Pemilihan Umum Kepala
Daerah (Pemilukada) Bojonegoro, 10 November mendatang, bukan tidak mungkin akan
menjadi ujian netralitas sesungguhnya bagi Pegawai Negeri Sipil (PNS) dan
aparatur pemerintahan. Lima Pasangan Calon (Paslon) yang running dalam Pemilukada
adalah PNS (nonaktif) dan aparatur.
Pasangan nomor urut
pertama, sang incumbent Suyoto-Setyo Hartono (ToTo) adalah bupati dan wakil
bupati yang saat ini masih menjabat. Keduanya tak perlu mengundurkan diri
karena maju sebagai calon, namun cukup mengajukan cuti. Semua tak menyangkal
sebagai birokrat yang masih menjabat pengaruhnya terhadap aparatur di bawahnya
masih sangat kuat.
Nomor urut dua,
pasangan M. Thalhah-Budiyanto. Thalhah adalah ketua DPRD (nonaktif), dan
Budiyanto adalah TNI matra Angkatan Laut (AL). Sebagai ketua DPRD, sekaligus
mantan wakil bupati, Thalhah masih mempunyai akar di lingkaran aparatur
Sekretariat DPRD (Setwan) dan Pemerintah Kabupaten (Pemkab) Bojonegoro.
Nomor urut tiga,
pasangan M. Choiri-Untung Basuki (Choirun). Choiri saat ini tercatat sebagai
Kepala Desa (Kades) (nonaktif) Plesungan, Kecamatan Kapas. Untung Basuki adalah
mantan birokrat yang kenyang pengalaman pemerintahan, baik di level provinsi
maupun kabupaten. Siapapun tak menyangsikan betapa pengaruhnya juga masih kuat.
Pasangan nomor urut
empat, Sarif Usman-Syamsiah Rahim (SaSa). Sarif saat ini juga masih tercatat
sebagai Kades Balenrejo, Kecamatan Balen. Sarif juga dikenal memiliki jaringan
kuat di lingkaran Asosiasi Kepala Desa (AKD) dan KTNA. Kita tidak dapat memungkiri
efeknya terhadap aparatur di tingkat desa.
Sedangkan pasangan
nomor urut lima adalah Andromeda Qomariyah-Sigit Budi Ismu (DaDi). Sebelum maju
dalam Pemilukada Bojonegoro 2012, Andromeda tercatat sebagai pejabat di
lingkaran Bappemas Jawa Timur. Pengaruhnya di aparatur dan PNS juga tidak dapat
dikesampingkan, karena Andromeda juga anak mantan Sekkab Bojonegoro, Mahmud
Zein.
Penjelasan
Undang-Undang Nomor 43 Tahun 1999 tentang Perubahan Atas Undang-Undang Nomor 8
Tahun 1974 tentang Pokok-Pokok Kepegawaian, khususnya dalam ketentuan umum poin
6. Dijelaskan, dalam upaya menjaga netralitas Pegawai Negeri dari pengaruh
partai politik dan untuk menjamin keutuhan, kekompakan, dan persatuan Pegawai
Negeri, serta agar dapat memusatkan segala perhatian dan pikiran, dan tenaganya
pada tugas yang dibebankan kepadanya, maka Pegawai Negeri dilarang menjadi
anggota dan atau pengurus partai politik.

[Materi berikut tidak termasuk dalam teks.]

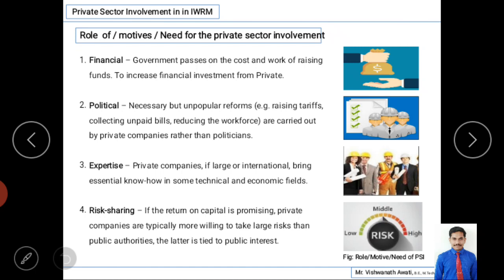Now we will discuss the role of private sector involvement, the motive behind it, or the need for private sector involvement. There are mainly four points. The first is financial: the government passes on the cost and the work of raising funds. Construction activities like water supply and sanitation infrastructure require huge investment, which the government may not be able to provide quickly.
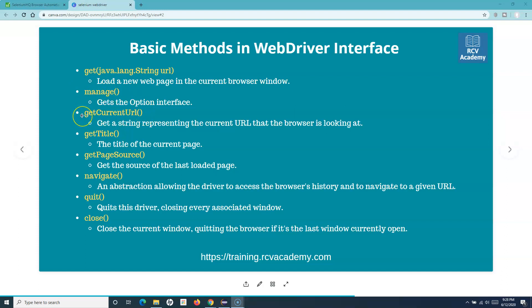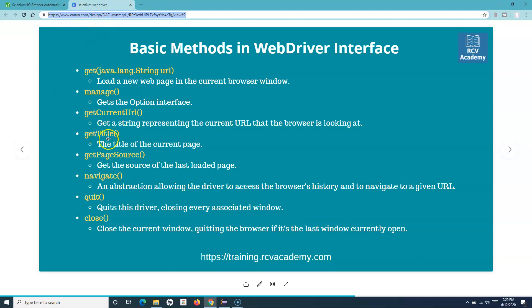'getCurrentURL', as the name suggests, provides a string of the current URL. For example, calling getCurrentURL will return and print the current page URL. 'getTitle' will print the title of the page — for instance, 'Selenium WebDriver' if that's the page title. 'getPageSource' gets the full HTML source code of the page. You can print it or perform certain actions on it. It is rarely used but available when you need to verify something in the page source.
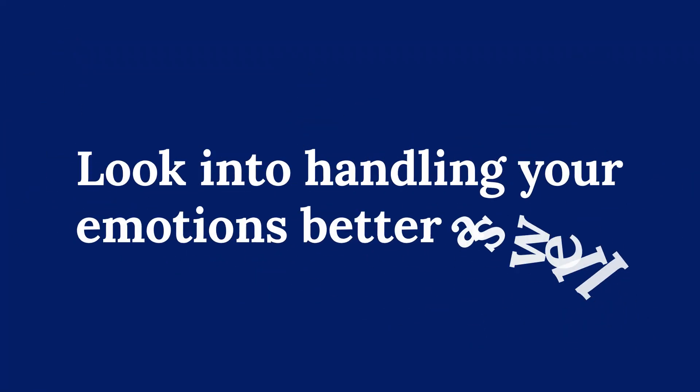You also might want to look into how to handle your emotions better, which is a complex subject. Find out which area needs some attention and start from there.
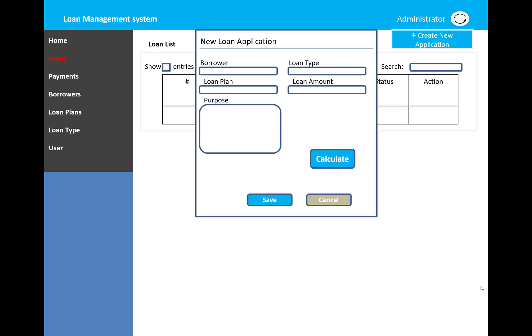The loan application displays in a pop-up window. I will use a modal pop-up window when we click on create new application. The form shows borrowers, loan type options, loan plan selection, loan amount, and purpose of the loan.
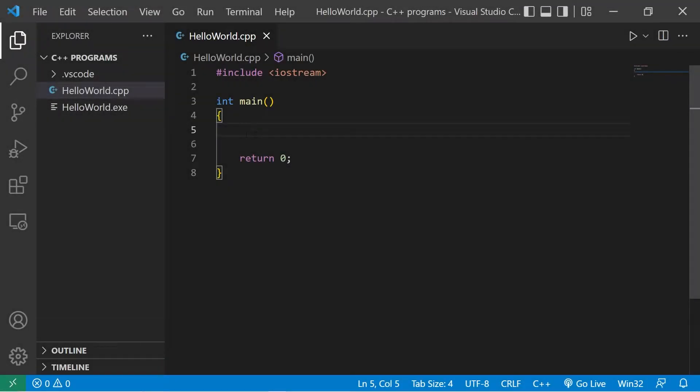All right, everybody, so I'm gonna explain the differences between pass by value and pass by reference.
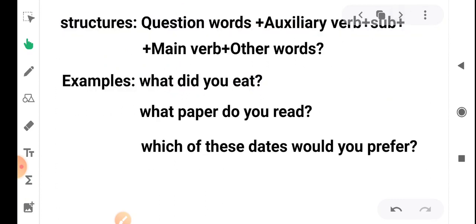Another WH question structure is: question word + auxiliary verb + subject + main verb + other words. In this structure, the object's place is taken by the question word. For example: 'What did you eat?' or 'Which of these dates would you prefer?' Here the answer fills the object position — for instance, 'What did you eat?' — you ate food, so food is the object.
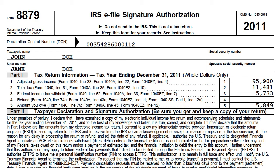You'll notice a Form 8879 and also a state signature form if required. Sign the form or forms and either fax, mail, or scan the documents back to our office.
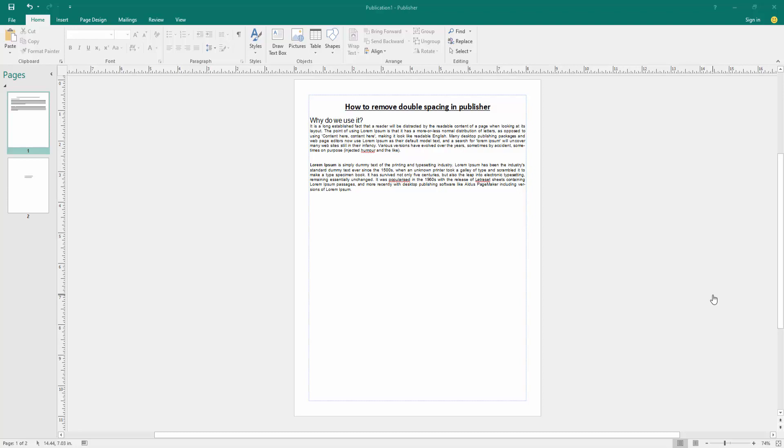Assalamualaikum, hello friends, how are you? Welcome back to my new video. In this video, I am going to show you how to remove double spacing in Microsoft Publisher. Let's get started.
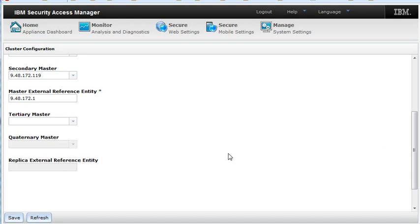This completes the short video on how to set up HA for the IBM Security Access Manager All-in-One Appliance Policy Server.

Secara eksplisit, ketentuan
umum ini memang memberikan gambaran kepada kita, bahwa PNS dalam momen-momen
politik tak boleh aktif sebagai pengurus. Sedangkan dalam pemahaman implisit,
larangan terlibat dalam politik praktis juga berlaku dalam momentum sukses
seperti Pemilukada.
Berkaca pada regulasi
tersebut, Pemilukada Bojonegoro akan menjadi ujian netralitas sesungguhnya bagi
PNS. Sebab, semua calon merupakan PNS aktif dan nonaktif, maupun aparatur
pemerintahan. Kemungkinan untuk menggaet aparatur lain dan PNS bukan tidak
mungkin terjadi.
Kita mungkin dapat
memverifikasinya dengan melakukan pengamatan secara langsung di lapangan.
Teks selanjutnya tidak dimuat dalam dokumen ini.